5 RPA-specific -- tier escalation, external destination, config drift, lateral movement, unattended spawning.
5 algorithmic trading -- order velocity, position concentration, strategy drift, spoofing pattern, cross-venue exposure.
5 medical device -- dosage anomaly, calibration drift, protocol deviation, alert fatigue, device isolation breach.
5 AV fleet -- route deviation, sensor disagreement, communication dropout, geofence violation, fleet coordination failure.
5 industrial IoT -- setpoint drift, actuator conflict, network segmentation breach, safety interlock bypass, process variable excursion.

The 9 core methods operate standalone. The 25 vertical-specific methods require fleet infrastructure for cross-agent behavioral baselines. Auto-quarantine triggers on critical severity. Quarantined agents cannot execute further actions without explicit operator release.

Fleet Governance

Cross-agent coordination at scale

Cross-agent correlation matrix detects coordinated anomalies that appear benign at the individual agent level. Joint behavioral baselines identify fleet-wide drift before individual agents cross thresholds.

Standalone deployments support halt for up to 10 locally governed agents. With fleet infrastructure: sub-50ms coordinated halt across 500+ concurrent agents. One operator decision stops every governed agent across every deployment surface. Post-halt agent registration is rejected -- no new agents can join while halt is active. Fleet-level coordination requires Agentomy fleet infrastructure.

5-Tier Permission Model

Identity-based authorization with graduated action scope

Evaluator -- read-only observation. Zero operational footprint.
Analyst -- standard task execution within defined scope. No irreversible actions without confirmation.
Builder -- elevated operations requiring explicit authorization before execution.
Operator -- administrative operations affecting system configuration. Requires senior approval.
Strategist -- system-level actions including kill switch execution and governance policy override. Cannot be delegated.

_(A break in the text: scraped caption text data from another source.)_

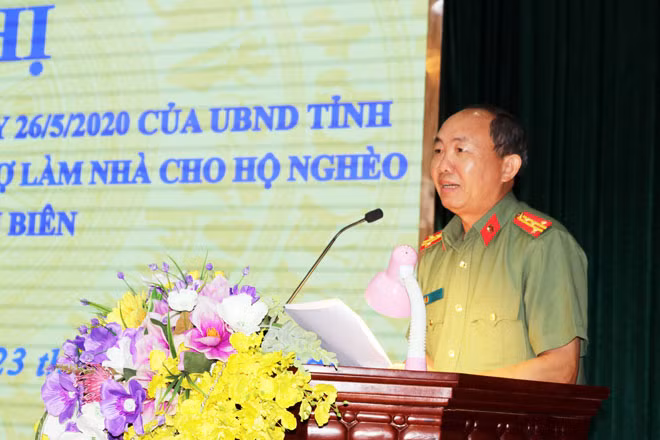 Đại tá Tráng A Tủa, Giám đốc Công an tỉnh Điện Biên phát biểu tại hội nghị.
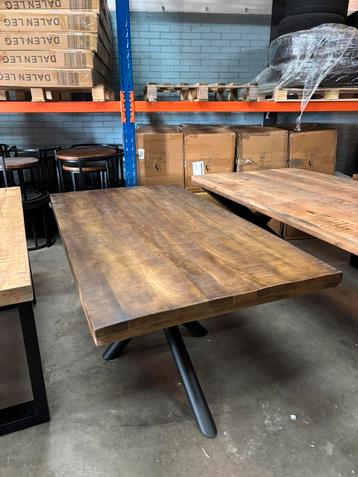 Eettafel 160 x 90 cm beschikbaar voor biedingen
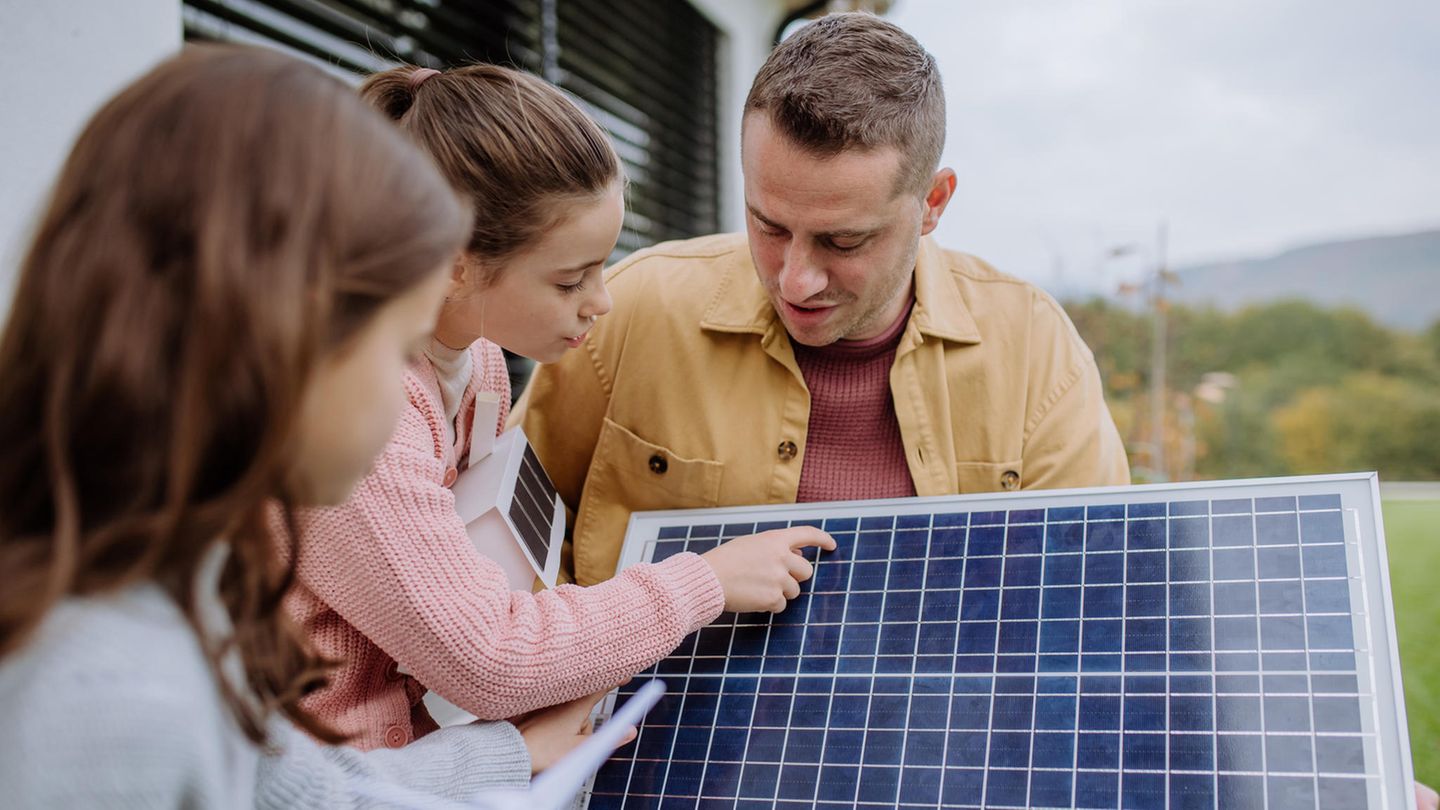 Kaufberatung Mini-PV-Anlage: Balkonkraftwerk: Marken-Modell oder Discounter-Schnäppchen – was ist besser?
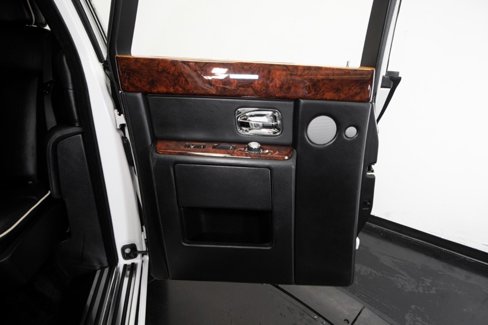 Used 2013 Rolls-Royce Phantom Sedan image 45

Every tier assignment is logged. Tier escalation via request body is structurally impossible -- enforced at the authorization stage of the 10-stage pipeline, not at the application layer.

EU AI Act Alignment

Pipeline stages mapped to specific regulatory obligations

Article 9 (Risk Management) -- Stages 2 (Trust), 3 (Authorization), 4 (Behavioral Check): continuous risk identification and mitigation throughout the action lifecycle.
Article 12 (Record-Keeping) -- Stage 8 (Evidence Recording): tamper-evident logging with hash-chain integrity, retained for operational lifetime plus applicable limitation period.
Article 14 (Human Oversight) -- Stage 10 (Halt Evaluation) + fleet halt: one authorized human halts all autonomous action immediately with signed proof record.
Article 15 (Accuracy and Robustness) -- Stages 5 (Content Input), 7 (Output Scan), 9 (Drift Update): continuous validation of input integrity, output correctness, and behavioral stability.

The three-tier AGP specification maps Articles 9, 12, and 14 as the minimum. The reference implementation additionally satisfies Article 15 obligations through input/output scanning and drift monitoring.

Agentomy is in active development. This specification reflects the current implementation, not an independently assessed standard.